Glad you found it helpful. It was to satiate for my curiosity, but I figure others would find it interesting, maybe even motivating to try. 
Tesla only charges at peak power for short time. Average power to 80% is much lower, especially for smaller battery cars. It could be as low as 60 kW or 70 kW. Given that SparkEV is more efficient than Tesla, actual number of miles added per unit time may not be very different, maybe only about 20% for smaller battery Tesla.
When (if?) you're doing 250 miles test, make sure to include initial full charge. Then you may need to run bit quicker than 6 hours.

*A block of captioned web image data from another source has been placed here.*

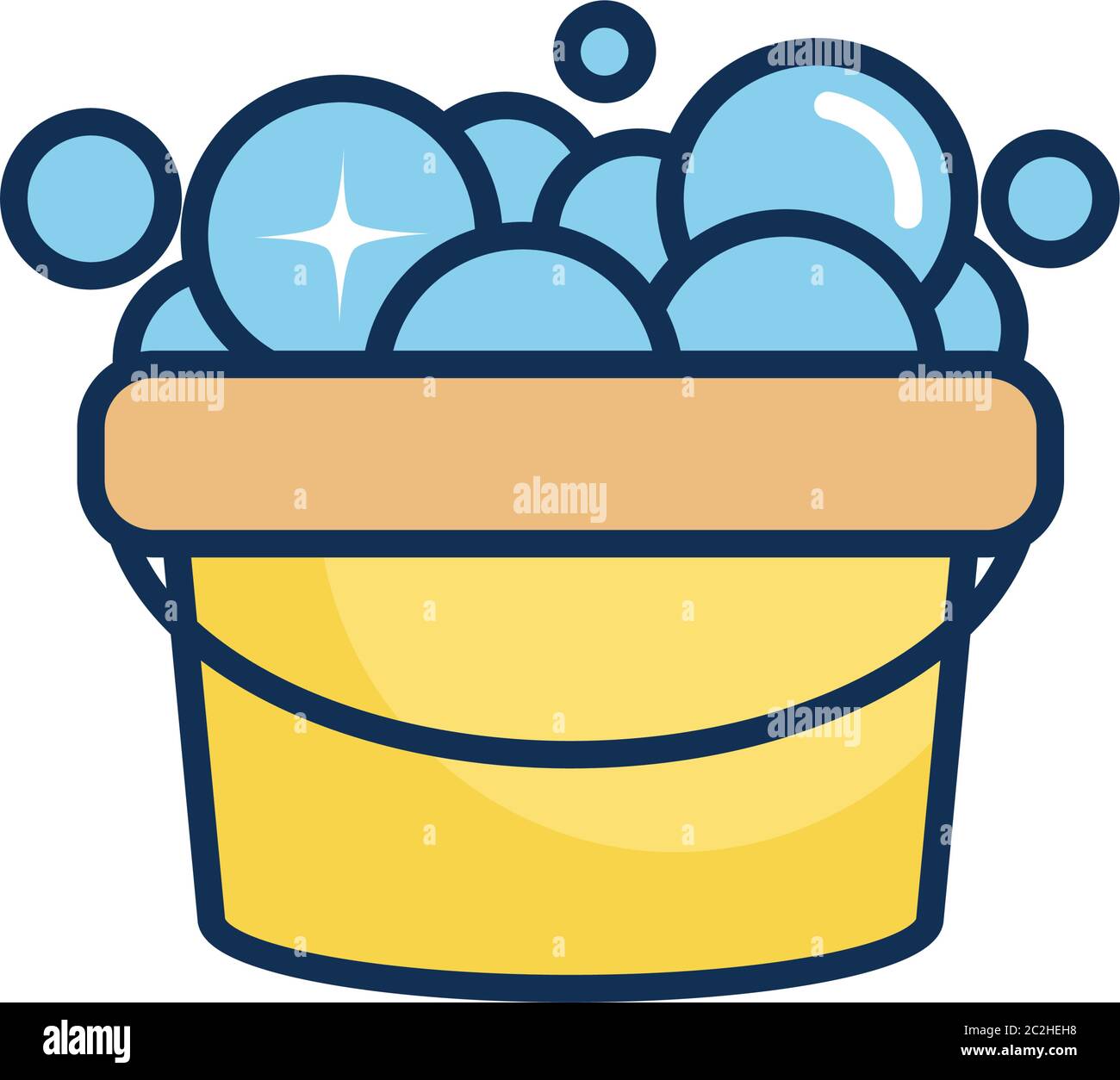 cleaning bucket with soapy water over white background, line fill style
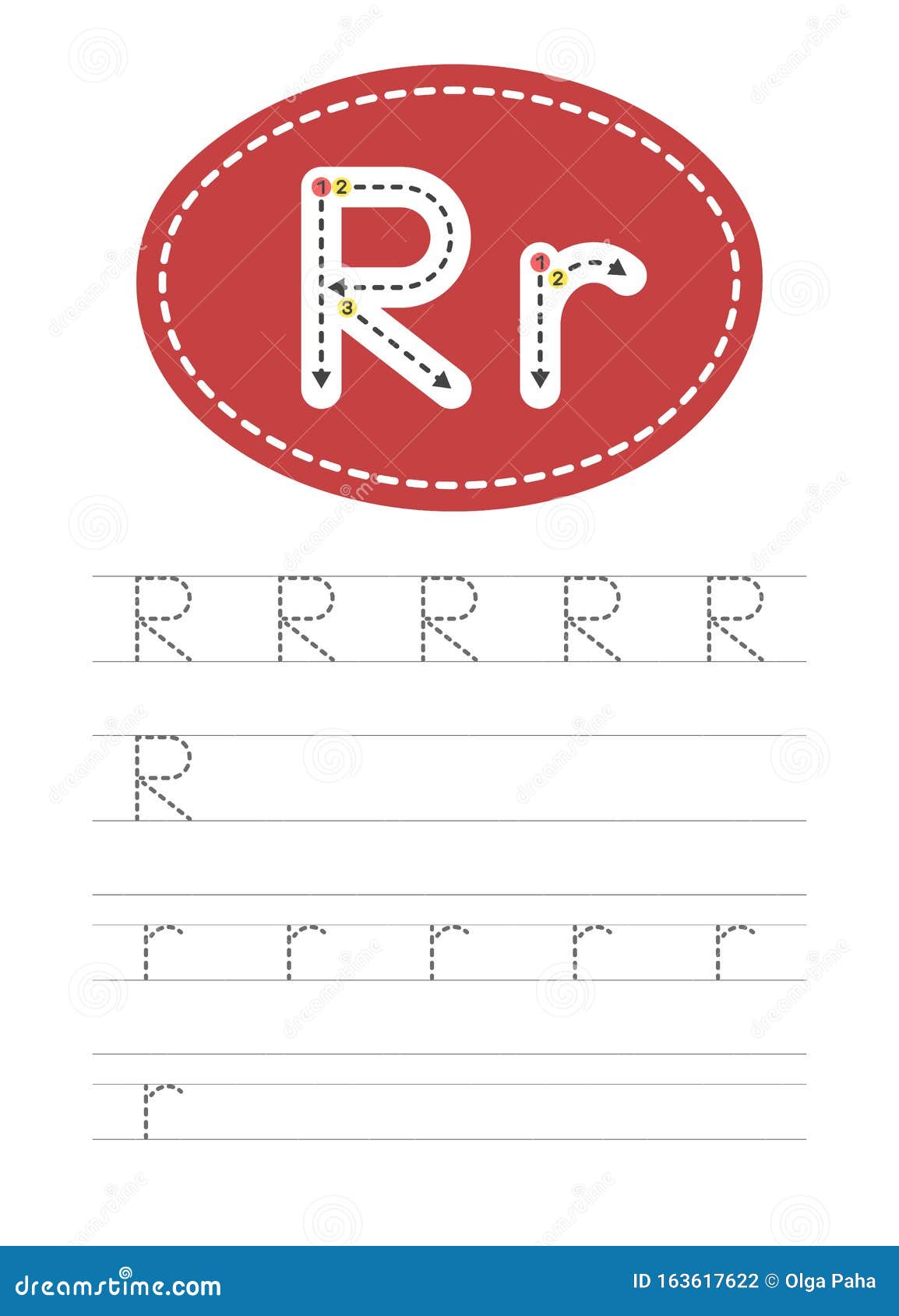 Write a letter R and r stock vector. Illustration of circle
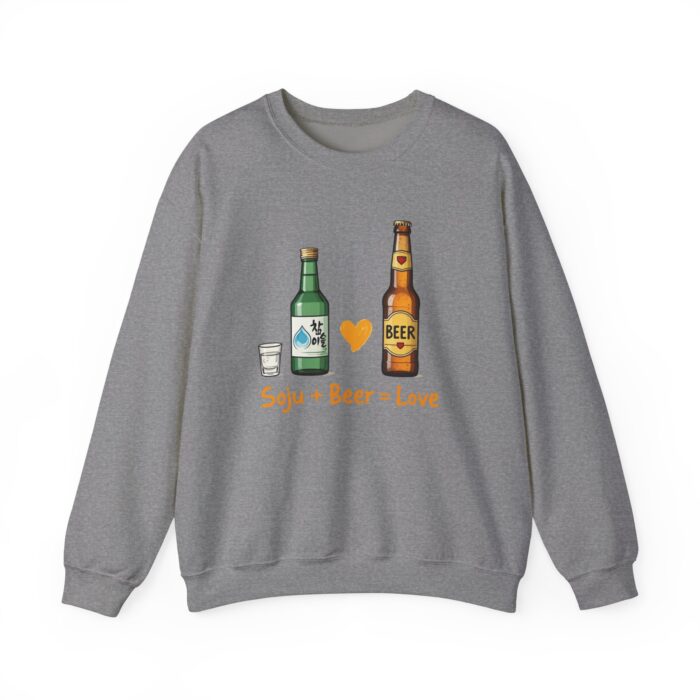 Soju + Beer = Love Unisex Heavy Blend™ Crewneck Sweatshirt - Image 29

Bolt will still be 50 kW charging, so what Bolt will be saving will be 10 minutes per charge session (5 min to get off road and find charger and 5 min to get back on). For about 20 DCFC sessions needed for SparkEV, that's 200 minutes. For about 5 DCFC sessions for Bolt, that's 50 minutes. Bolt will only be about 150 minutes quicker to 1000 miles than SparkEV (about 2.5 hours). Of course, this assumes Bolt efficiency will be comparable to SparkEV, which should be the case since highway MPGe are similar.

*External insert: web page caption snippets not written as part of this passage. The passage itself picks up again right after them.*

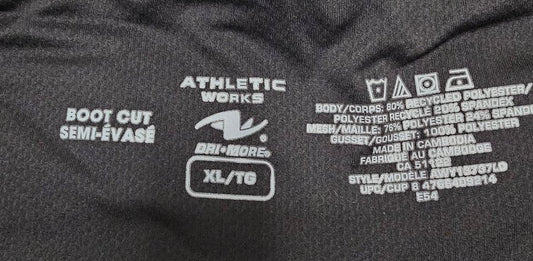 Athletic Works Black Boot Cut Yoga Pants XL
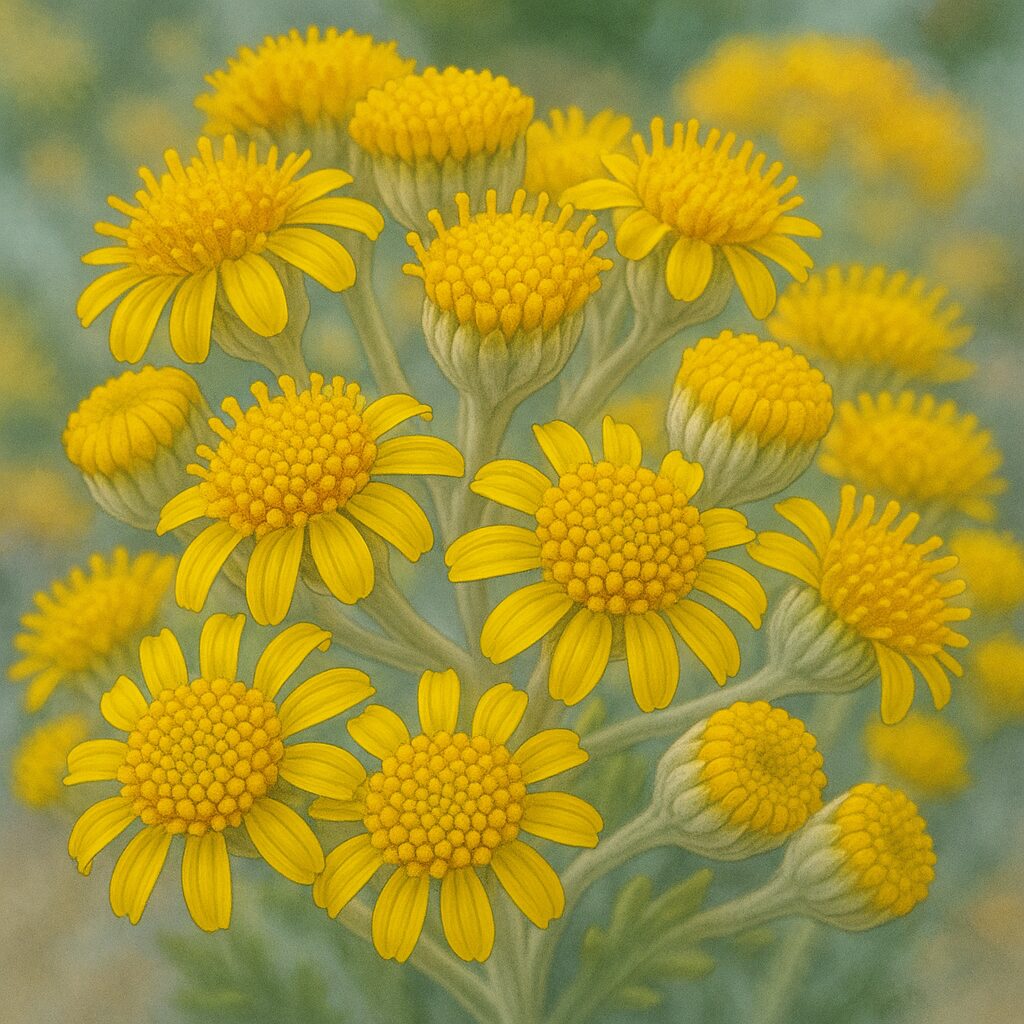 鮮やかな黄色の花が満開になったシロタエギク(細い花弁が特徴)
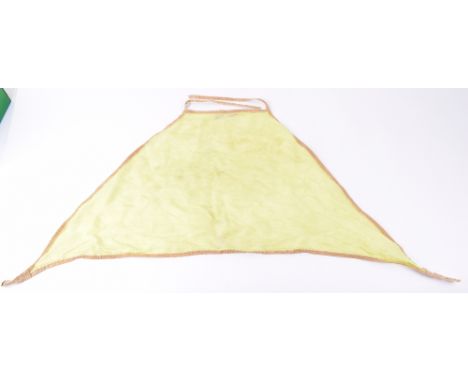 WW2 British Airborne Recognition Scarf, fluorescent yellow silk scarf with taped edge and ties as issued to the British Airbo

You talk about Tesla with adopter ruining things, but even if one EV cause you to wait, it will mess things up. Now if you had to wait for s.l.o.w. charging Leaf on every DCFC and almost all of them are locals getting free charge, you'd be singing a different tune. SparkEV at 80% would be done (100%) in under 10 minutes; Leaf at 80% would take close to an hour. Now if this happened to you every single time (which is the case with me these days), it's not a mere annoyance, but a questioning of the future of EV.